Anote-se, pois, que a complexidade (concreta[42]) da prova abrange o contexto não só da necessidade de um exame mais esmiuçado (inviável através de simples exame técnico), bem como da onerosidade da sua realização, em razão do caso concreto ser intrincado. Exemplos[43]: a) uma ação indenizatória que demande a realização de perícia quanto à impossibilidade do exercício da profissão ou ofício, ou que se alegue a diminuição da capacidade de trabalho, com a fixação de pensão, ou que dependam de prova complicada sobre lucros cessantes; b) uma causa que exija a oitiva de várias testemunhas, com a necessidade, inclusive, de expedição de diversas precatórias.
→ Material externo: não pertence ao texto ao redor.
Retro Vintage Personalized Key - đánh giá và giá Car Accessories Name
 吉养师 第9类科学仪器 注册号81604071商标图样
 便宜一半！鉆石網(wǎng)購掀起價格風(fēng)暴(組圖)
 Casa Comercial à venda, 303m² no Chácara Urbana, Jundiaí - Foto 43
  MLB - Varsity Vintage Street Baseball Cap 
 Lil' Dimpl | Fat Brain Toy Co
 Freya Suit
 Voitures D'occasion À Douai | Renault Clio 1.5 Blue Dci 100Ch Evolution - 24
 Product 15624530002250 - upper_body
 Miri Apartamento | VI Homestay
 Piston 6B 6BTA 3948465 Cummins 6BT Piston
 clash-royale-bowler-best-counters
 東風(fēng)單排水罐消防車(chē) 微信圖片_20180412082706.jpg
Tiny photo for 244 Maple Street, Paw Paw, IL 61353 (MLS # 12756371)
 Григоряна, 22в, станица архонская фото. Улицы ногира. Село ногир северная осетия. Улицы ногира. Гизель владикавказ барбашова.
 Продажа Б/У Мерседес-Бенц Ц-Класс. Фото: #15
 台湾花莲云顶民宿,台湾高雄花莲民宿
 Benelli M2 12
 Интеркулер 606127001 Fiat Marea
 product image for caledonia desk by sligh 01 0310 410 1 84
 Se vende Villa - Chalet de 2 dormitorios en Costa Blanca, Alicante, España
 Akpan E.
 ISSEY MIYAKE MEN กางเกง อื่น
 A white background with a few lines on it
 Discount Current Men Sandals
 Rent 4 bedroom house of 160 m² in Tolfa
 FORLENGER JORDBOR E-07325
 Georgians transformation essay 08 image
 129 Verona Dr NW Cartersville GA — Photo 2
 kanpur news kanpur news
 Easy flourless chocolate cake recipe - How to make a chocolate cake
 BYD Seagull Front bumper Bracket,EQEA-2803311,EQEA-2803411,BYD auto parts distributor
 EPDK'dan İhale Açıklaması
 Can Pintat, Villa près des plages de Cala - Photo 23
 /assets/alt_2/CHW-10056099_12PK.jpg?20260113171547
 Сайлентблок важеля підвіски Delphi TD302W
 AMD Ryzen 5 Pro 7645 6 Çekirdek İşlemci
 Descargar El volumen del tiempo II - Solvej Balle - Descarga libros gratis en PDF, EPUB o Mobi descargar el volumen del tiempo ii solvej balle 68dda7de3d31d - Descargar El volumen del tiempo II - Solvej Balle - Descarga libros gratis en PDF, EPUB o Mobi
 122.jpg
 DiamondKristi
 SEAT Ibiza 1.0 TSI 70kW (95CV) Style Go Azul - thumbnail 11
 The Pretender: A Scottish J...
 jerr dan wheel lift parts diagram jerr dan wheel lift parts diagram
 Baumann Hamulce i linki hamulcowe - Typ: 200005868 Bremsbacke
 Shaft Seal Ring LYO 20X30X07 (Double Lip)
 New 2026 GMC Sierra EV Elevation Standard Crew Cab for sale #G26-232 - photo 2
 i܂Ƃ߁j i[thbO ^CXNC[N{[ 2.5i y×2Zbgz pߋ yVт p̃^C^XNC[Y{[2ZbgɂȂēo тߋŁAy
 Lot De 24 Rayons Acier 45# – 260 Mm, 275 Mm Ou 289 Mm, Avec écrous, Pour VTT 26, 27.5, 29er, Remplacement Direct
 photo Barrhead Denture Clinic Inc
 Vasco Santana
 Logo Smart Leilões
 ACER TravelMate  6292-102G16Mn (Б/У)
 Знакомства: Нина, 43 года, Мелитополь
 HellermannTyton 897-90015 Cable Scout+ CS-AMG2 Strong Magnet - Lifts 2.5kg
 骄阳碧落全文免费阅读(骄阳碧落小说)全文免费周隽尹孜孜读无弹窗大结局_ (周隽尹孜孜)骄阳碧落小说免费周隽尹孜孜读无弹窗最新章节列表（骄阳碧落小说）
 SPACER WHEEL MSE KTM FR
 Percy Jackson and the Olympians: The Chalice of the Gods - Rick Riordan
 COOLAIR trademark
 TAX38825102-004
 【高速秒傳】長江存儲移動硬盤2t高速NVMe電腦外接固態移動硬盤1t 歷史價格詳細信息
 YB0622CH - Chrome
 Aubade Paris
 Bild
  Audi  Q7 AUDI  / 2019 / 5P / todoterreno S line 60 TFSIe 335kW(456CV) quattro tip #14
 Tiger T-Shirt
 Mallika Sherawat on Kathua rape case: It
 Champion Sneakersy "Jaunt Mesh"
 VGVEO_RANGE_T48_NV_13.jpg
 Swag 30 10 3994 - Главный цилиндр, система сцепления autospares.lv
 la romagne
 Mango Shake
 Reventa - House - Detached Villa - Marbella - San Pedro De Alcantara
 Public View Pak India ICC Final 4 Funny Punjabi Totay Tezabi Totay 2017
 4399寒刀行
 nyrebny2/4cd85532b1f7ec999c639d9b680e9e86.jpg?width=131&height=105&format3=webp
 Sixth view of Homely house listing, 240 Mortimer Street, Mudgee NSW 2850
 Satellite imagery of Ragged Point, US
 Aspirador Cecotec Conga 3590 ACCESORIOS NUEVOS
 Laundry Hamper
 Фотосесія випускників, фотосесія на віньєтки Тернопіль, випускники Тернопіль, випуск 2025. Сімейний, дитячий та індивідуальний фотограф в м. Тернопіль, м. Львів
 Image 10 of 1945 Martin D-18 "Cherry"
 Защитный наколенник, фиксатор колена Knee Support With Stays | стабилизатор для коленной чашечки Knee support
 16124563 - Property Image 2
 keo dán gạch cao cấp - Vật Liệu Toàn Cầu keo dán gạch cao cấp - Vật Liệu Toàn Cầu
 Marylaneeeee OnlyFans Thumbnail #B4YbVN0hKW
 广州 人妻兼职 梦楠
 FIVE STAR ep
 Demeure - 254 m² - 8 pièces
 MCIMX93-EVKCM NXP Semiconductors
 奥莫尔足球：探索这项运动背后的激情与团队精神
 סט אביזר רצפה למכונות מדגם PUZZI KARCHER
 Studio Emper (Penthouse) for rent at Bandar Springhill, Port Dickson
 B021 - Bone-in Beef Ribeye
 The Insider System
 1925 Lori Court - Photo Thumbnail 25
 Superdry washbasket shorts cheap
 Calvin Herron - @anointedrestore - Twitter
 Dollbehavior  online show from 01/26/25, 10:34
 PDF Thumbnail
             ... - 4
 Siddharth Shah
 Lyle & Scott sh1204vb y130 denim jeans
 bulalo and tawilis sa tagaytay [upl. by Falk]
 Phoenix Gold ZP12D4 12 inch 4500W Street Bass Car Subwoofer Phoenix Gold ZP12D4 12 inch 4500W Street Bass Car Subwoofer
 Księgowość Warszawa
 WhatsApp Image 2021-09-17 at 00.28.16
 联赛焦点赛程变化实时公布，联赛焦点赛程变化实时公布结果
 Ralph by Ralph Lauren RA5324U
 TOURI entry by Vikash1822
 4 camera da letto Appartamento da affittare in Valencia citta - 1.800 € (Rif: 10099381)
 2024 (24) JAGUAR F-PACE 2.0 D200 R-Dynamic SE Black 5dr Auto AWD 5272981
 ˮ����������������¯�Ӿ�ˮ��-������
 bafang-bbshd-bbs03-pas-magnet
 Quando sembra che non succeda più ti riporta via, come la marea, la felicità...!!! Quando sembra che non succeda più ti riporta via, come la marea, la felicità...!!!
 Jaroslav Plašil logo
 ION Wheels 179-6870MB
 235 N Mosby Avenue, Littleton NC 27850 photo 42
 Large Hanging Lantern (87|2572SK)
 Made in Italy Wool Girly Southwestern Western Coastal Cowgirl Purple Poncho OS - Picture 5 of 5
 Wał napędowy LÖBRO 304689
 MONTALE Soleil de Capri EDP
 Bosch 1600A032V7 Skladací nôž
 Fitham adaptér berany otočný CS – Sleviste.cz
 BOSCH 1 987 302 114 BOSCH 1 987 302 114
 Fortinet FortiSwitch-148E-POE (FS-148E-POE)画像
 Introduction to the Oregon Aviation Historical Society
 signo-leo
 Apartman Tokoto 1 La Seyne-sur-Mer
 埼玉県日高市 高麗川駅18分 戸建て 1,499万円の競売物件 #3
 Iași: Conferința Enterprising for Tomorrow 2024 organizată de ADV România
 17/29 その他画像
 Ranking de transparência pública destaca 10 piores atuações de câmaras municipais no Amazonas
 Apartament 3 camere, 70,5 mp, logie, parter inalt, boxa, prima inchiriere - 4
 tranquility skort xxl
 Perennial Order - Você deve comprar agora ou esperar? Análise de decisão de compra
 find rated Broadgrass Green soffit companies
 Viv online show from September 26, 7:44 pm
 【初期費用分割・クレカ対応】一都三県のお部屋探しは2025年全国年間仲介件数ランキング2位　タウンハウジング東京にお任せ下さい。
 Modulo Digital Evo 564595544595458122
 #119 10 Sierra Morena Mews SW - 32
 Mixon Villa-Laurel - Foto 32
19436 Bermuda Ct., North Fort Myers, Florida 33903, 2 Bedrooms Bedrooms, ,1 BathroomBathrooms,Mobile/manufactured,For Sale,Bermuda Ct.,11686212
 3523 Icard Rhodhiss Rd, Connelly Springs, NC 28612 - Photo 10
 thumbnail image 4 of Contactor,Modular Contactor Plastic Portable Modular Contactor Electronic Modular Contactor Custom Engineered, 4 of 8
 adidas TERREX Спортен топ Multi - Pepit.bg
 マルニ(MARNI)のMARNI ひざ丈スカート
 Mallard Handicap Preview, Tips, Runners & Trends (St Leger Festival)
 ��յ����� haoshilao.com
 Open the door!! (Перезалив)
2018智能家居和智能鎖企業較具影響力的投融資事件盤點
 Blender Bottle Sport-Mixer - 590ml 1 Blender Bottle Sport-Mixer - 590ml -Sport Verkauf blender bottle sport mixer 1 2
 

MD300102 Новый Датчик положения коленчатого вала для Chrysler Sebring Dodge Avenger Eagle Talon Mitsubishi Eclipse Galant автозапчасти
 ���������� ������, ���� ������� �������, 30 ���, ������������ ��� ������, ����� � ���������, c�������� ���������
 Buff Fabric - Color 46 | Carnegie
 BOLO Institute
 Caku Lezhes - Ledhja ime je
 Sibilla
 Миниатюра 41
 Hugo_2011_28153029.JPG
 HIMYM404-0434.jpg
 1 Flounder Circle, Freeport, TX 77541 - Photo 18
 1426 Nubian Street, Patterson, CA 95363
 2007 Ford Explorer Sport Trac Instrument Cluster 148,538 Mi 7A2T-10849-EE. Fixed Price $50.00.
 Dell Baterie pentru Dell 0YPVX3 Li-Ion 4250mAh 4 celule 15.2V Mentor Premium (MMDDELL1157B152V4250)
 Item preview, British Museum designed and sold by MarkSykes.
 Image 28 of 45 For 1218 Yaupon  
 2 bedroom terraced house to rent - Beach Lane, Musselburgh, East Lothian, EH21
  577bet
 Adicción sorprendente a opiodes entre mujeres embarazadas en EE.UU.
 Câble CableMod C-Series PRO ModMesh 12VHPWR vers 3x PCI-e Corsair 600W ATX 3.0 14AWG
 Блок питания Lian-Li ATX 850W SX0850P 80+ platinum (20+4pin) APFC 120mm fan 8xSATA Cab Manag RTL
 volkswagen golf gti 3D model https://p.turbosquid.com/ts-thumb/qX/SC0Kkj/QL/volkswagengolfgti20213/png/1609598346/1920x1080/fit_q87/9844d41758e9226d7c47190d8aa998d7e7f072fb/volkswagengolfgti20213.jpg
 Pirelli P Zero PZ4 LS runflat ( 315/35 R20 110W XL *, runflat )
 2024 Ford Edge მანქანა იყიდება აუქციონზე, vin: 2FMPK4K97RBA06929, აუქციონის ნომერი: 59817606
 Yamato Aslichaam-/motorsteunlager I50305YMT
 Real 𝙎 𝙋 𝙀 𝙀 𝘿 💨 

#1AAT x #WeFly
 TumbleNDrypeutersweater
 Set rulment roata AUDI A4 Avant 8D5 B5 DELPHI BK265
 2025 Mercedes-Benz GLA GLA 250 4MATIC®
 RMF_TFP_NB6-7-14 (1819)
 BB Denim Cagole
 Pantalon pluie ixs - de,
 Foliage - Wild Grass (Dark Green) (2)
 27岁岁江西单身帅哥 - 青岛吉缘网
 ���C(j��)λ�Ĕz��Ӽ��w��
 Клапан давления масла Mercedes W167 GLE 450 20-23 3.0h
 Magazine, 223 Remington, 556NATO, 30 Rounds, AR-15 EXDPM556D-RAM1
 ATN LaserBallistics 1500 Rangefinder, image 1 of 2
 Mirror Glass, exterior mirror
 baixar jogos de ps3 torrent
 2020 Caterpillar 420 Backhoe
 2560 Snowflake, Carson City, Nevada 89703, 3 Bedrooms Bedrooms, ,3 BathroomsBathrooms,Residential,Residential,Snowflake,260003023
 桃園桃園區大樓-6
Neste mesmo raciocínio, diz o Enunciado nº 91 do FONAJEF: “Os Juizados Especiais Federais são incompetentes para julgar causas que demandem perícias complexas ou onerosas que não se enquadrem no conceito de exame técnico (art. 12 da lei n. 10.259/2001).”[44]
Vejamos, ainda, os seguintes enunciados FONAJE[45] (Fazenda Pública): Enunciado nº 11 do FONAJE: “As causas de maior complexidade probatória, por imporem dificuldades para assegurar o contraditório e a ampla defesa, afastam a competência do Juizado da Fazenda Pública”; e Enunciado nº 12 do FONAJE: “Na hipótese de realização de exame técnico previsto no art. 10 da Lei 12.153/09, em persistindo dúvida técnica, poderá o juiz extinguir o processo pela complexidade da causa”.
Ao examinarem o art. 12 da Lei nº 10.259/2001, J. E. Carreira Alvim e Luciana Gontijo Carreira Alvim Cabral comentam:
Este preceito trata também do exame técnico -, que em última análise é uma microperícia -, quando necessário à tentativa de conciliação ou ao julgamento da causa, dizendo que o juiz nomeará pessoa habilitada, que apresentará o laudo até cinco dias antes da audiência, independentemente de intimação das partes.[46]
De fato, o Pleno do Supremo Tribunal Federal, no Recurso Extraordinário nº 537.427, analisando uma causa sobre danos materiais relacionados à dependência ao cigarro, decidiu em 14.04.2011, por unanimidade, e embasado no art. 98, I, da Constituição Federal, que aos Juizados Especiais cabem tão somente julgar casos de baixa complexidade e simples compreensão[47], razão por que foi declarada a incompetência do Juizado Especial.
Enfim, não se nega, frise-se, a possibilidade da realização de exame técnico (perícia consistente em exame, vistoria ou avaliação) nos Juizados Especiais Fazendários, até mesmo em razão da expressa previsão nos arts. 12 da Lei nº 10.259/2001 e 10 da Lei nº 12.153/2009, porém a sua realização insere-se num regime próprio e informal, apesar de ser escrito e de serem admitidas a formulação de quesitos e a indicação de assistente técnico. Destarte, é destinado apenas aos casos simples, do ponto de vista probatório e constitucional (art. 98, I, e § 1º), sendo imprestável para as causas cíveis de maior complexidade.